EU Competition Law: European Court of Justice Sends Sony BMG Back to the CFI

July 14, 2008

The European Court of Justice’s ("ECJ") 10 July 2008 Sony BMG judgment should halt the rise of the Statement of Objection-less Phase II merger investigation. [1]  In confirming that the Commission is under no obligation to explain why it has abandoned objections raised in a Statement of Objections ("SO") by the time it takes its final decision, the Court has materially lowered the Commission’s risk of third party appeal.  However, in doing so, the Court may well have materially raised the bar for the CFI when considering a challenge to the veracity of the facts on which the Commission has relied.

Background

On 19 July 2004, the Commission approved the concentration of the global recorded music businesses of Bertelsmann AG and Sony (with the exception of Sony’s activities in Japan) into three newly created companies to be operated under the name Sony BMG.

Following an action brought by Impala, an international association of independent music production companies, the Court of First Instance ("CFI") annulled that decision by judgment of 13 July 2006,[2] on the grounds that it was vitiated by manifest errors of assessment and was inadequately reasoned.
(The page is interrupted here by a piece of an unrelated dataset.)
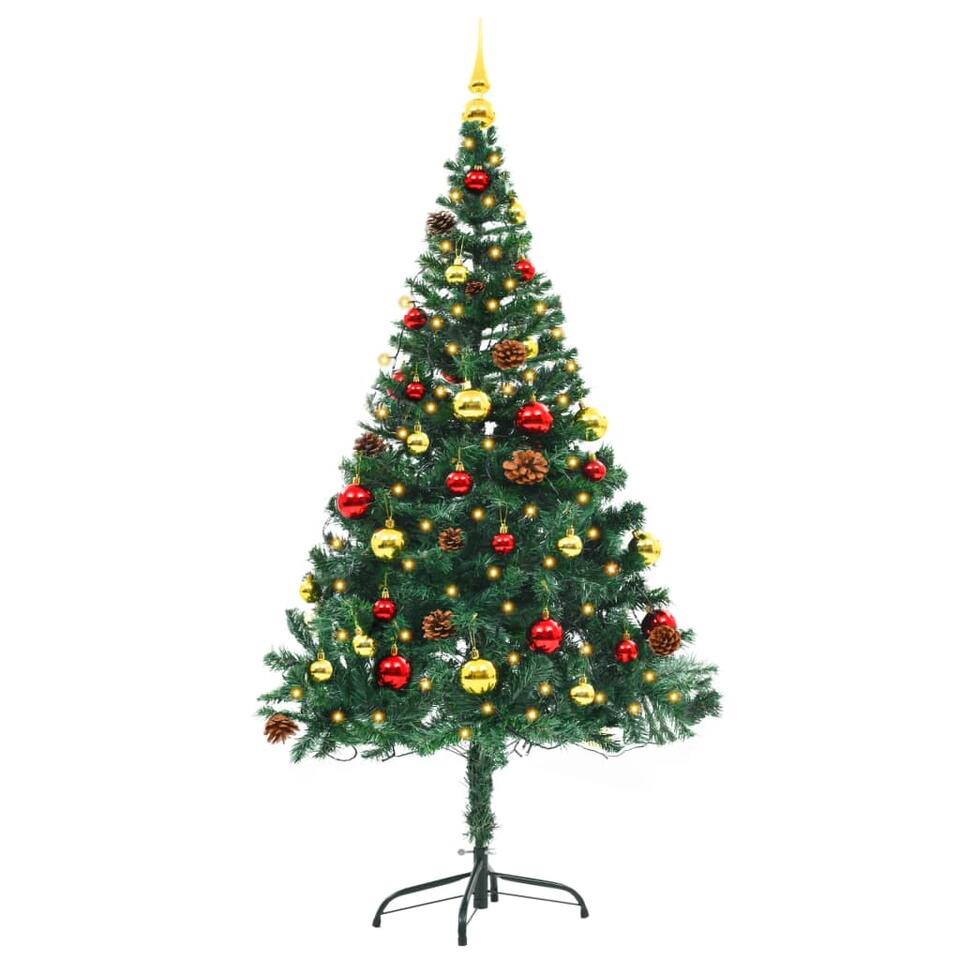 Ik zie je morgen Waarnemen bagage vidaXL Kunstkerstboom met kerstballen en LED's 150 cm groen | Leen Bakker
As a result of that annulment, the Commission carried out further review proceedings relating to the joint venture, and approved the creation of Sony BMG for a second time on 3 October 2007, again without imposing any conditions or stipulations.
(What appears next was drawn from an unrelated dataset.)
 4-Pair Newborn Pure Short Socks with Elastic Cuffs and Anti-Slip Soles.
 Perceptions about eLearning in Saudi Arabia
At the same time as those proceedings were taking place, Bertelsmann and Sony brought an appeal before the ECJ against the judgment of the CFI, claiming that that court had overstated the legal requirements to be applied in relation to a Commission decision approving a merger and that court’s role in carrying out judicial review.

Findings of the Court

The ECJ found that the CFI had committed errors of law in concluding that the Commission’s 2004 decision approving the joint venture creating Sony BMG was vitiated by manifest errors of assessment and was inadequately reasoned.  It found that the CFI had committed a number of errors of law in its judgment, in that it:

  • did not merely use the SO as a basis for verifying the correctness, completeness and reliability of the factual material underpinning the contested decision.  Rather, it treated certain of the conclusions set out in that statement as established, when those conclusions could only be considered to be provisional.
  • essentially required the Commission to apply particularly demanding probative standards to the evidence and arguments put forward by Bertelsmann and Sony in reply to the SO.
  • found that the Commission’s failure to conduct additional market investigations after issuing the SO and its adoption of the arguments in defence put forward by Bertelsmann and Sony amounted to an unlawful delegation of the investigation to the parties to the concentration.
  • relied on documents submitted by Impala on a confidential basis, since the Commission itself could not have used them for the purposes of adopting its decision, because they were confidential.
  • misconstrued the legal criteria applying to a collective dominant position arising from tacit coordination, and failed to carry out its analysis of market transparency in the light of a plausible theory of tacit coordination.  The ECJ found that the assessment of the relevant criteria, including the transparency of the market, must be carried out using the mechanism of a hypothetical tacit coordination as a basis, rather than in an isolated and abstract manner.
  • was not in a position to find that the Commission had failed to comply with the duty to provide an adequate statement of reasons for the decision.  The ECJ noted that the Commission’s decision showed its reasoning in a way which subsequently allowed a party such as Impala to challenge its validity before the CFI.  Furthermore, the CFI was aware of the Commission’s reasons for approving the concentration, and devoted numerous paragraphs in its judgment to the analysis of whether those reasons were well founded.  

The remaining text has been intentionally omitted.